Choosing tokenization or synthesis

You can configure each Textual built-in and custom entity type. Whether you redact text, json, html, or binary files such as PDF, the configuration is the same. This configuration determines how each entity is handled and ultimately determines the look and feel of your output data.

Available states for entity types

Each built-in and custom entity type that Textual supports can be set to one of the following states. These states determine what the value looks like in the output.

  • Ignored

  • Redacted or tokenized

  • Synthesized

  • Group synthesized

Ignored

When ignored, an entity is kept as is in the output.

Redaction / Tokenization

Tokenized (also referred to as redacted) entities are replaced with unique and reversible tokens. For example:

My name is John Smith. -> My name is [NAME_GIVEN_dySb5] [NAME_FAMILY_7w4Db3].

Synthesis

Synthesized entities are replaced with realistic fake values, For example:

My name is John Smith. -> My name is Alan Johnson

These fake values are consistent. So in the above example, John changed to Alan and does so in all cases within the document and optionally across documents as well.

To further customize how synthesized values are generated for specific entity types, see Customizing synthesis with generator metadata.

Group synthesis

Group synthesized entities are also replaced with realistic values. However, Textual alsoi performs an entity-linking operation.

Configuring handling for entity types

To configure how built-in entity types are treated, all SDK functions that operate on data support the generator_default and generator_config function parameters.

generator_default defines the default configuration for all entity types. If not set, the default is Redaction, meaning that entities of all types are redacted or tokenized.

generator_config allows for more fine-grained control. Different entity types can use different options. For example, one common strategy is to set generator_default to Off. This tells Textual to ignore all entity types. generator_config is then used to re-enable redaction or synthesis for specific entity types that are relevant to you.

In code, generator_default``and ``generator_config accept the following possible values, which are case-sensitive.

  • Off: Ignores entities

  • Redaction: Tokenizes entities

  • Synthesis: Standard synthesis with realistic replacement values

  • GroupingSynthesis: LLM-based synthesis that maintains contextual relationships between entities

The following example passes a string to the redact method. It sets generator_default to Off, and configures a handful of entity types with Synthesis.

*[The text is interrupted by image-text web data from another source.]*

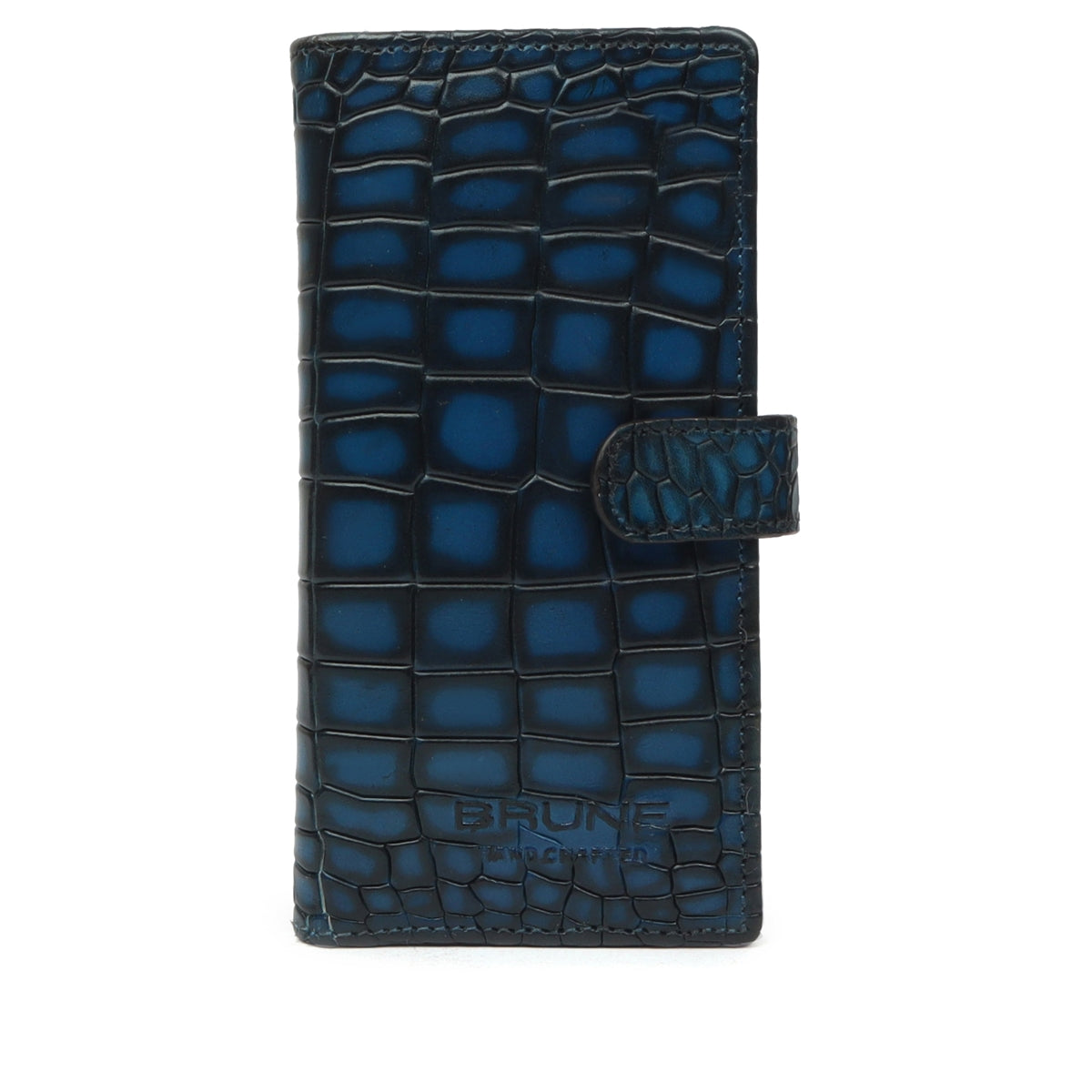 Smokey Blue Long Wallet in Croco Textured Leather with Signature Metal Lion Logo By Brune & Bareskin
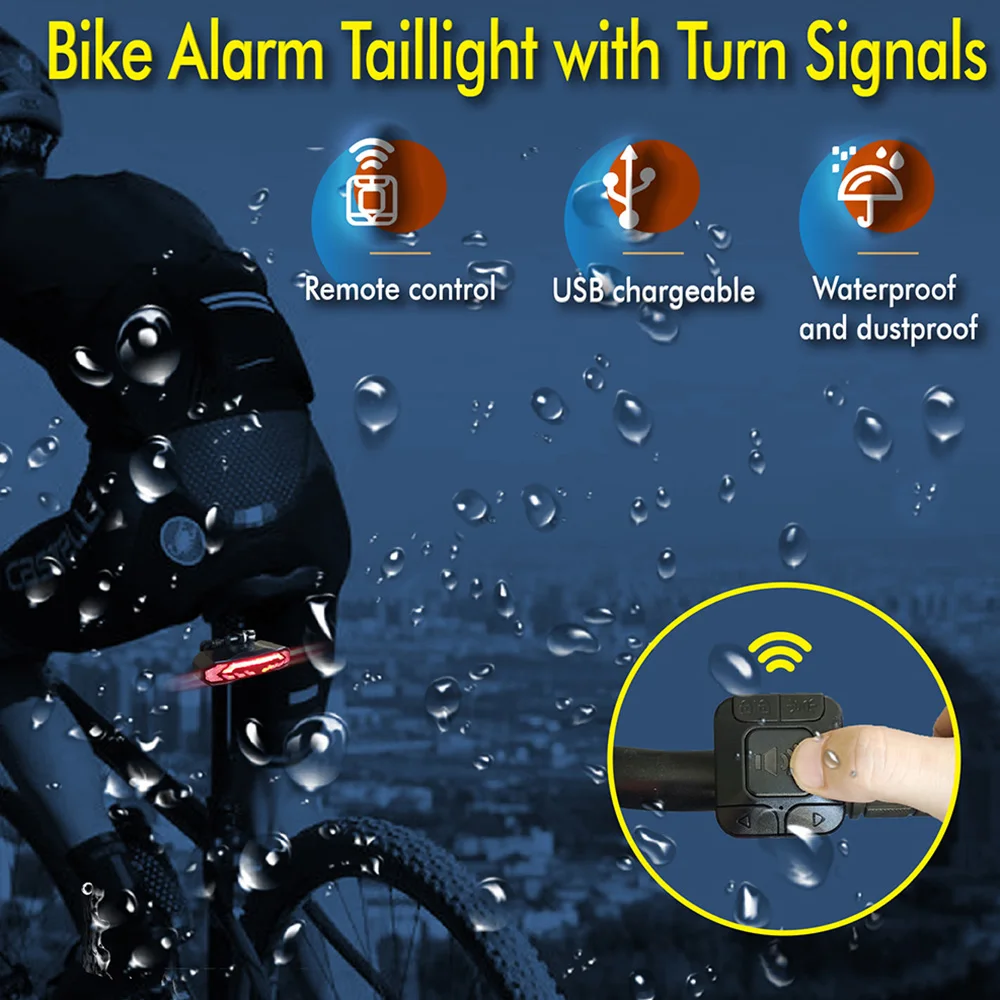Rechargeable Bike Brake Taillight Turn Light Remote Control Turning lamp LED Waterproof Bicycle Alarm Anti Theft Rear Lights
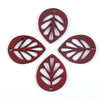 P674 -10 pcs. Maroon Dark Red Faux Leather Dangle Charms Pendants - Leaf - Leaves - 32mm (1.26") - Great for Light Earrings, Necklaces or Dangles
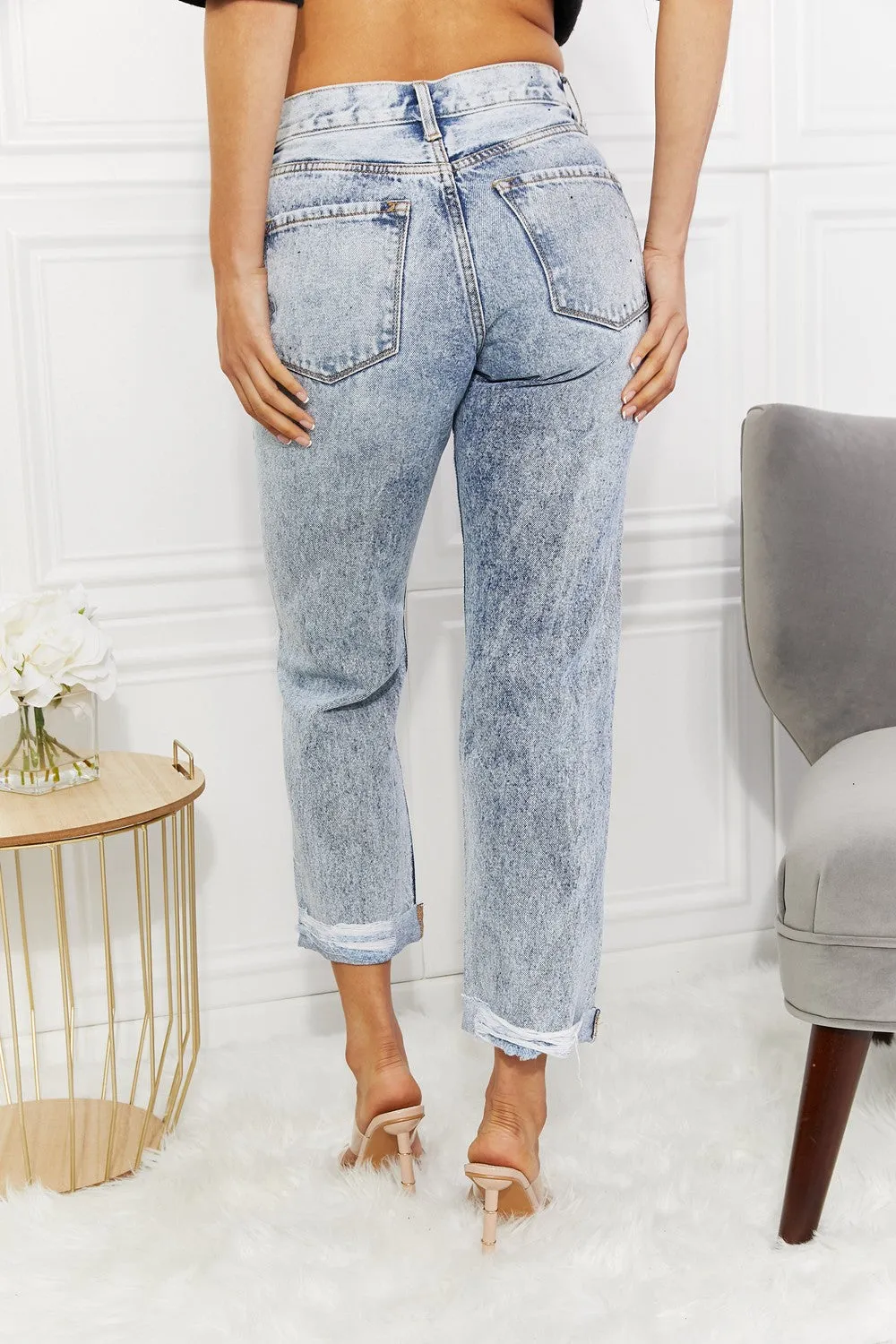 Distressed Straight Jeans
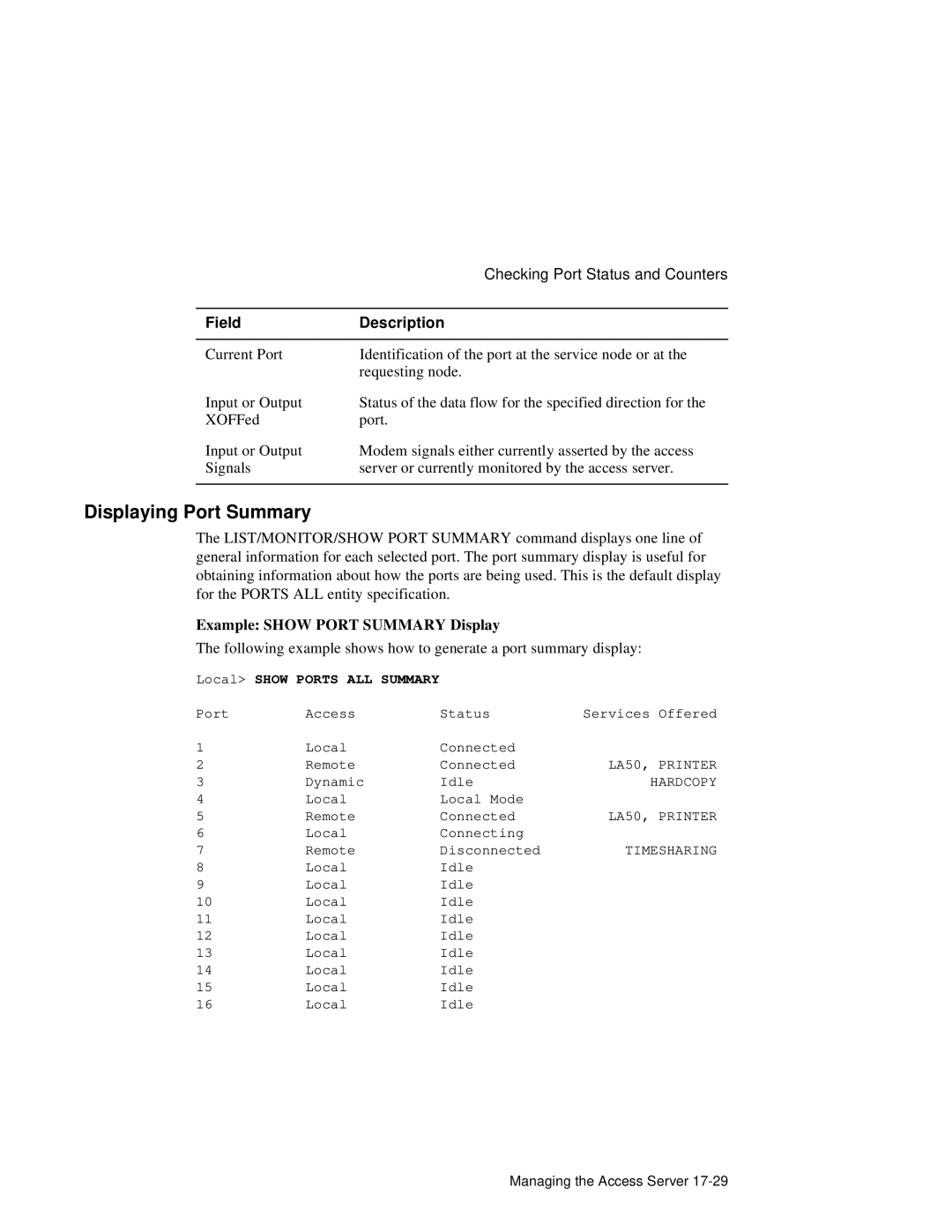 HP NetRider manual Displaying Port Summary, Example Show Port Summary Display, Local Show Ports ALL Summary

from tonic_textual.redact_api import TextualNer

textual = TextualNer()
generator_config = {"NAME_GIVEN":"Synthesis", "ORGANIZATION":"Synthesis"}
raw_synthesis = textual.redact(
    "My name is John, and today I am demoing Textual, a software product created by Tonic",
    generator_default='Off',
    generator_config=generator_config)
print(raw_synthesis.describe())

This produces the following output:

My name is Alfonzo, and today I am demoing Textual, a software product created by New Ignition Worldwide
{
    "start": 11,
    "end": 15,
    "new_start": 11,
    "new_end": 18,
    "label": "NAME_GIVEN",
    "text": "John",
    "score": 0.9,
    "language": "en",
    "new_text": "Alfonzo"
}
{
    "start": 79,
    "end": 84,
    "new_start": 82,
    "new_end": 104,
    "label": "ORGANIZATION",
    "text": "Tonic",
    "score": 0.9,
    "language": "en",
    "new_text": "New Ignition Worldwide"
}

Advanced configuration

For built-in entity types, you can use regular expressions to modify the detection. A regular expression can be used to:

  • Identify additional values for a given entity type.

  • Exclude specified values from a given entity type.

All SDK functions that modify data accept the parameters label_allow_lists and label_block_lists. These lists are set for each entity type.

To start, we’ll exclude certain matches from the NAME_FAMILY and ORGANIZATION entity types. Below, we provide a regular expression for NAME_FAMILY. For example, this could prevent ‘Wilson’ from being tagged as a last name in the below text

I suffer from Wilson Disease

We’ll also exclude from ORGANIZATION any of the exact string matches for Tonic.

label_block_lists = {
    "NAME_FAMILY": [r'.*\s(Disease|Syndrome|Condition)'],
    "ORGANIZATION": ['tonic','TONIC', 'Tonic']
}

ner.redact('<some text here>', label_block_lists = label_block_lists)

Similar to how you use label_block_lists to exclude text, you can use label_allow_lists to detect additional values. In the below example, we identify all matches of the below regular expression as HEALTHCARE_ID entity values.

label_allow_lists = {
    "HEALTHCARE_ID": [r'[a-zA-Z]{2}\-\d{7}']
}

ner.redact('<some text here>', label_allow_lists = label_allow_lists)

Custom entity type configuration

All of the configuration options above also apply to custom entity types.

However, by default, custom entity types are not used unless you explicitly include them in a given request.

Each Python SDK method supports a function parameter called custom_entities. It is a Python list of names of custom entity types to include in the request.